お菓子にメモも付け、すべて向こうへと送った。



「ナナちゃんって言ったっけ?どう?こっちの世界は」

「はい!あ、ナナでいいです。ええと驚くようなことばかりで・・・特にトイレはびっくりで」

「どうせドモンにイタズラされたんでしょ?悪いわね、こんなスケベをナナの世界なんかに送っちゃってフフフ」


「エヘヘ、でも気持ちよかったんで」

「素直ね。気に入ったわ。この胸は私への当てつけみたいで気に入らないけれど」

「アヒィ!?」


遠慮もなしにナナの胸を片手で鷲掴みにしながら、ケーコがドモンを睨んだ。

ケーコはサンよりも更にスレンダーなタイプだった。



「まずはこの格好をどうにかしないと目立つわね」

「ケーコさんあのもう、うぅ~ん・・・胸から手を離して」

「あらごめんね。目の前でブラブラしてるものだからつい」


女ドモンのようなケーコに翻弄されるナナ。

まるでドモンがふたりに増えたような気がして目が回る。


「服を買おうにもおっぱいがこのサイズだから試着もしなきゃならないし、それに今は現金がないからそもそも買えないんだよな」

「私もお金なんかないわよ。試着くらいなら手伝ってあげるけど」

「うん。で、この金貨を例の金を売れる店で換金してきて欲しいんだよ。この近くにあっただろ?俺ら外に出られないからさ」


ケーコにドモンが袋に入った金貨を見せた。

ナナはドモンとケーコの顔を交互にキョロキョロと見ながら、ずっとおろおろしている。


「何これ?本物の金なの??チョコじゃなくて?」

「恐らく本物だ。全部換金すりゃ結構な額になると思う。お前にも分け前やるから頼むよ」

「でもこんなに大量に換金なんて出来んのこれ?いきなりこんなに持ち込んだらおかしいと思われるでしょ」

「それは俺にちょっと考えがある」


そうケーコに説明を続けるドモン。


ケーコも当然知っている。

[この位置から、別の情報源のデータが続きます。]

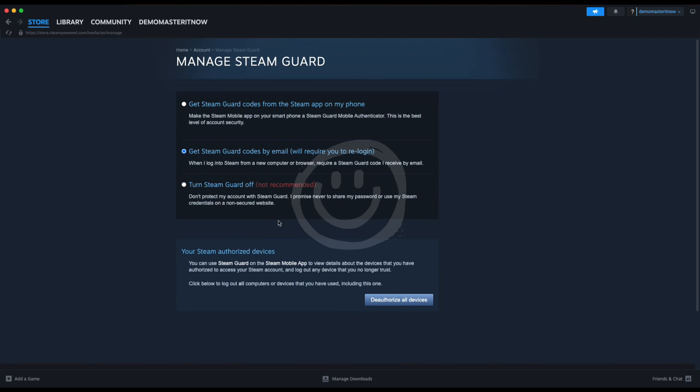And as you can see there are two options to enable it. So you can choose to get Steam Guard codes from the Steam app on your phone or you can get them by email. And as you can see I chose to get them by email but if you want to you can get them by phone.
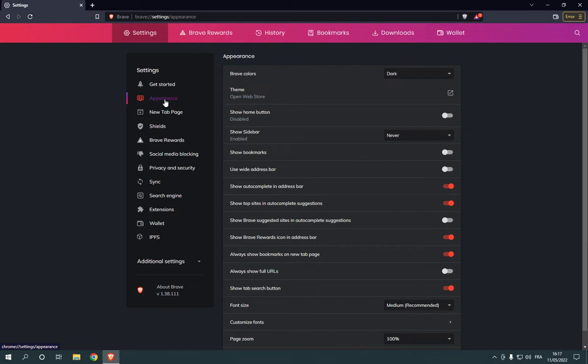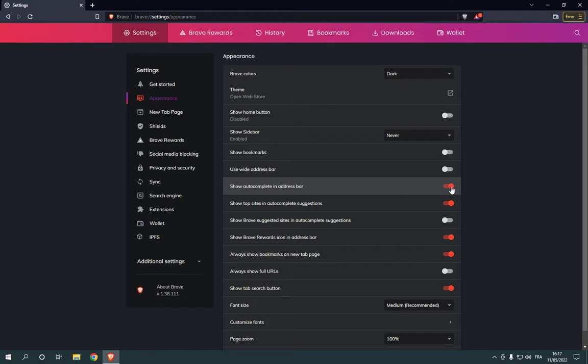And now, go here and you will find show autocomplete in address bar. You can now disable it or enable it easily.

ドモンの機転の良さを。

困った事になった時、ドモンに相談をすれば大抵のことはなんとかしてくれる。



浴室に入るところのドアを自動扉にしたいと相談した時、100円ショップで揃えたものだけであっさりと自動ドアにしてみせた。

なぜかロックされて蓋が開かなくなってしまった洗濯機も、メーカーしか知らないはずのロック解除の方法をドモンは自力で導き出し、解除してしまった。


自転車屋が直すのはもう無理だといった自転車も、ドモンは自力で直してしまう。

その為ドモンが乗っている赤い自転車は、高校生の頃に買った物のままであり、30年以上も同じ自転車に乗っていた。


パソコンに問題が起きればドモンに相談すればいいし、車が動かなければドモンに相談すればいい。

なにか美味しい物を食べたい時はドモンに相談し、休みの日になにか楽しい過ごし方がないか?とドモンに相談する。


もちろん物理的にどうしようもないものもあったが、とりあえず皆ドモンに相談をする。

母親が『物干し竿が壊れた』と連絡を寄越したのも、ドモンになんとかしてもらおうと思っていたのだ。



ドモンがなんとかすると言えばなんとかしてしまう。

それはどちらの世界でも一緒だった。



ドモンは二人を連れて100円ショップへ。

そこで額縁を三つと画用紙とハサミ、ついでに缶コーヒーを三本とナナとケーコのお菓子もいくつか買った。


「こんな物まで安く買えるのね・・・」とナナ。

「驚いたでしょう?普通に外国人観光客も驚いてる人いるくらいだしね」とケーコ。


元の屋上へと戻る途中、女ふたりでぺちゃくちゃとおしゃべりをしていると、またナナの写真を撮らせて欲しいという人が何人かやってきたが、ケーコが「駄目よ」と冷たい視線を浴びせると、あっという間に退散。


そうして少しずつ打ち解けていき、ふたりは仲良くなっていった。